=== RECORDS ===
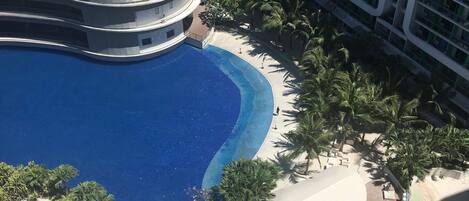 Un resort con una amplia piscina central, palmeras y un edificio circular con techo curvo.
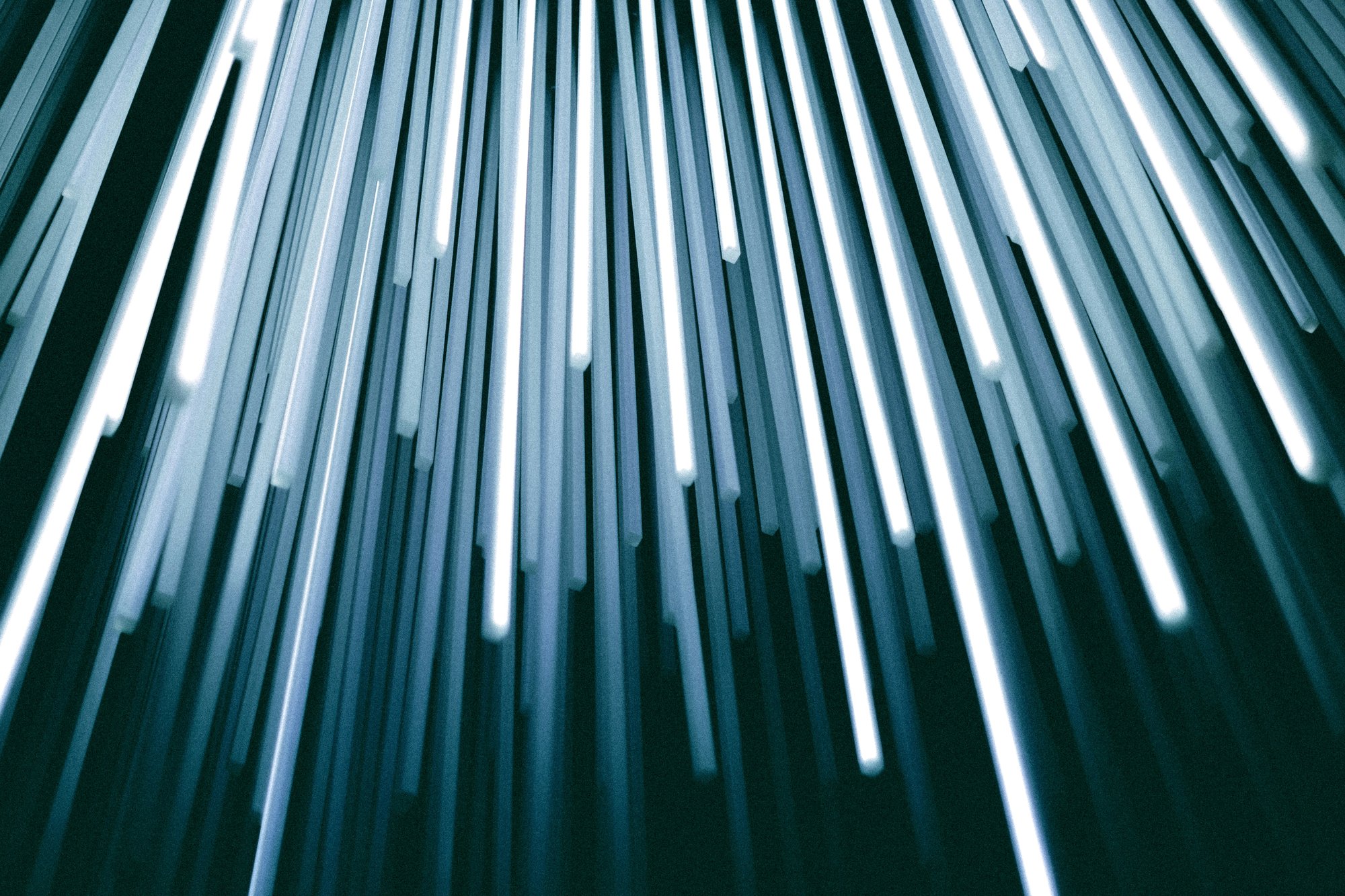 Abstract vertical light beams or data streams in motion, representing speed, security, and continuous data flow.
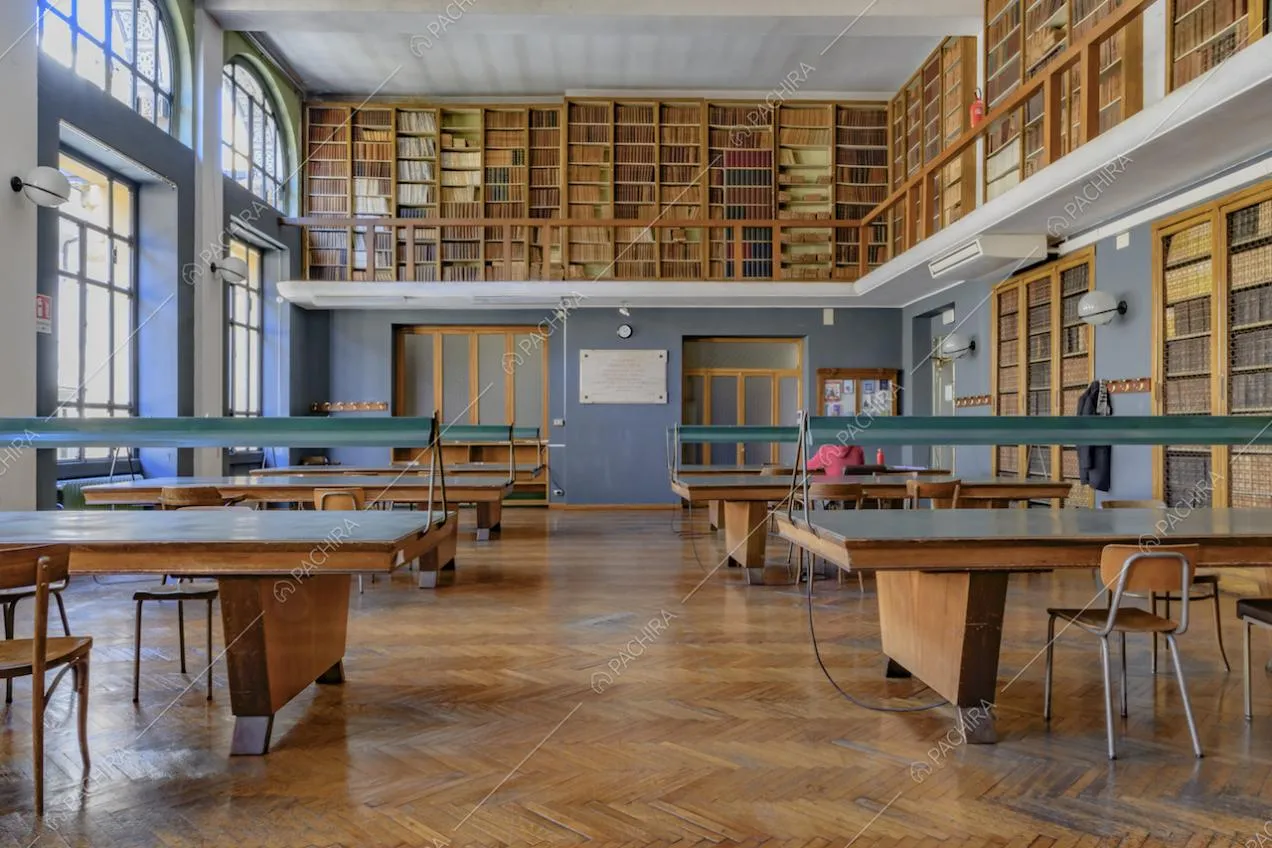 Luminosa biblioteca con tavolo in legno per la consultazione, balconata con librerie e pareti azzurre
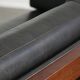 Timeless 3-seater Art Deco design sofa  upholstered in black cowhide leather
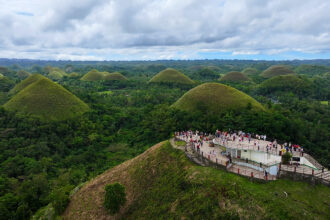 A panoramic view from the summit of one of the Chocolate Hills Bohol, featuring a large, white viewing platform filled with tourists. The platform overlooks a vast valley of symmetrical green hills and dense tropical forests under a dramatic, cloudy sky, capturing the immense scale of the geological formation.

=== TASK TO CARRY OUT ===
Return the material exactly as it reads, though without the pictures it holds.

=== THE COMPLETED TASK ===
 Un resort con una amplia piscina central, palmeras y un edificio circular con techo curvo.
 Abstract vertical light beams or data streams in motion, representing speed, security, and continuous data flow.
 Luminosa biblioteca con tavolo in legno per la consultazione, balconata con librerie e pareti azzurre
 Timeless 3-seater Art Deco design sofa  upholstered in black cowhide leather
 A panoramic view from the summit of one of the Chocolate Hills Bohol, featuring a large, white viewing platform filled with tourists. The platform overlooks a vast valley of symmetrical green hills and dense tropical forests under a dramatic, cloudy sky, capturing the immense scale of the geological formation.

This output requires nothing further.